It is not anti-democratic to say that parliament shouldn't get the final choice. We just had a general election where one of the major parties said in their manifesto they would hold "a straight in-out referendum on our membership of the European Union". That party won an absolute majority. Parliament passed a law to hold the referendum. The question was independently assessed for bias. The referendum was held and gave a clear result. No statistical insignificances, queues around the block to vote after polls had closed or hanging chads. You can't really get more democratic than that in the British system, and woe betide any MP that thinks their personal mandate is greater than this train of events. The courts will determine if there needs to be a parliamentary sign-off, which will be interesting for the constitutional historians, but common sense dictates that there shouldn't be a parliamentary stalling.

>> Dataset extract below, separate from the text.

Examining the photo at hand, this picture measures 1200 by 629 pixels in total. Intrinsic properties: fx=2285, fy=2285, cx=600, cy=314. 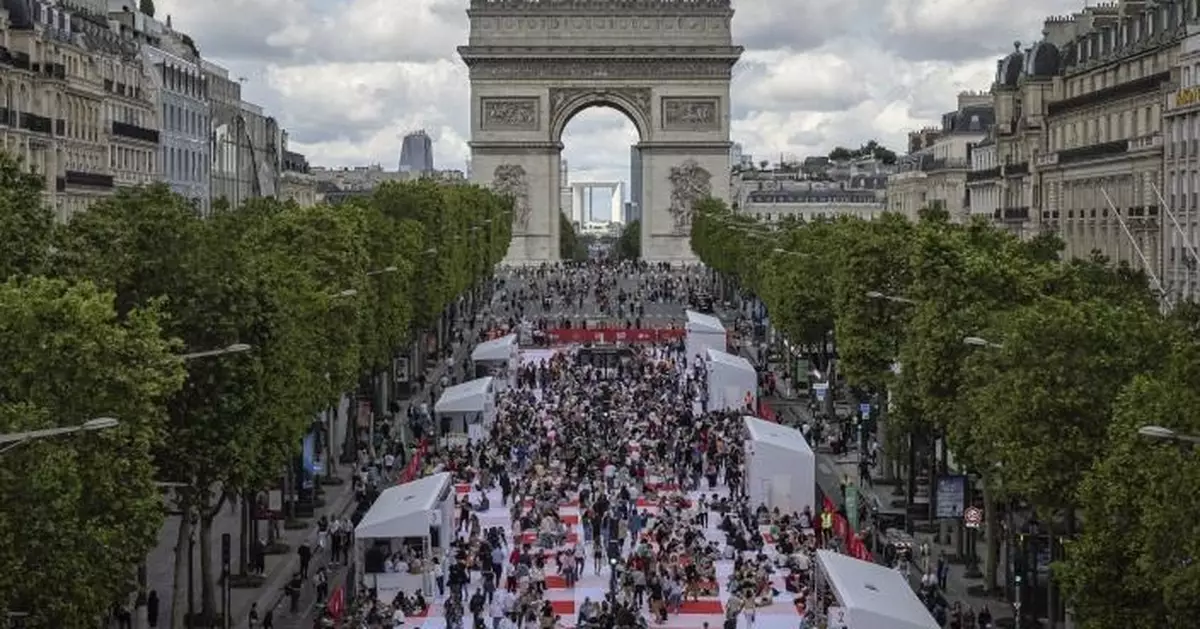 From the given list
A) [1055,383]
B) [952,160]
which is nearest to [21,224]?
[1055,383]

Of course that isn't to say that a lot of people don't feel very upset by the result. But given that our country has decided to leave, there is a danger of fighting the wrong battles here. Fervent pro-Europeans need to ask themselves why it is that they are feeling so violated, and what it is that really matters.

I care about our country's prosperity, about our ability to generate wealth in order to give individuals opportunities to pursue their dreams and build secure and fulfilled lives, and also to give the government more opportunities to shape the type of society we want to live in.

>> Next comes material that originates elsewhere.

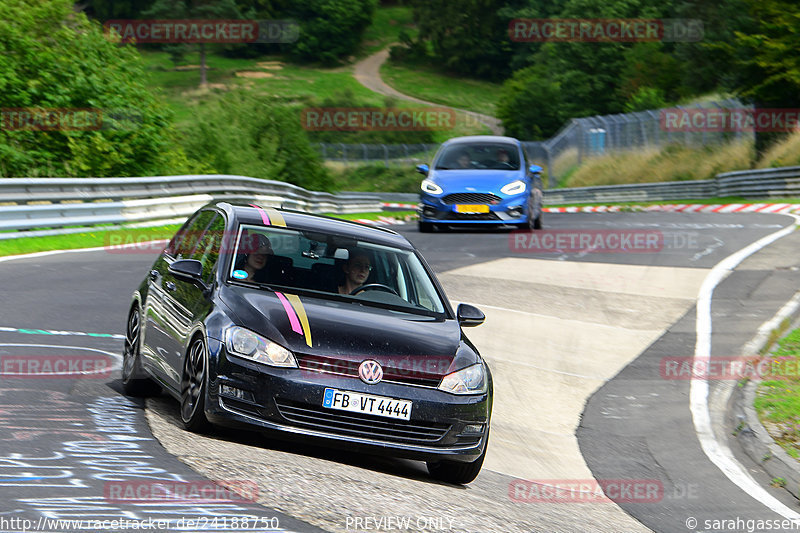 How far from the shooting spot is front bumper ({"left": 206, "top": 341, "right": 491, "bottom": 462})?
671cm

I care about our country's influence in the world, our ability to lead and right now I particularly care about our power to act as a restraining force on an unpredictable US President. I also think there are some policy issues that are best handled internationally, and I'd like to see us confident playing our role to resolve them on an international stage. For all these reasons I voted Remain; I thought it would be easier for us to achieve these aims as an engaged member of the European Union.

But I think there is a problem if we start to conflate the means with the ends. I presume it will be harder to be an internationally confident, influential and prosperous country outside the EU. We'll need all our brainpower and resources to try and achieve it over a number of years, and this will be to the detriment of other priorities. But that doesn't make it impossible, it just makes it time-consuming. Membership, or not, of the EU shouldn't be seen as an end in itself, but rather as one of a number of potential tools to be used to help us achieve our ends. So we do our country no service by campaigning to reverse the decision. Instead we should seek and pursue alternative ways to achieve our policy objectives.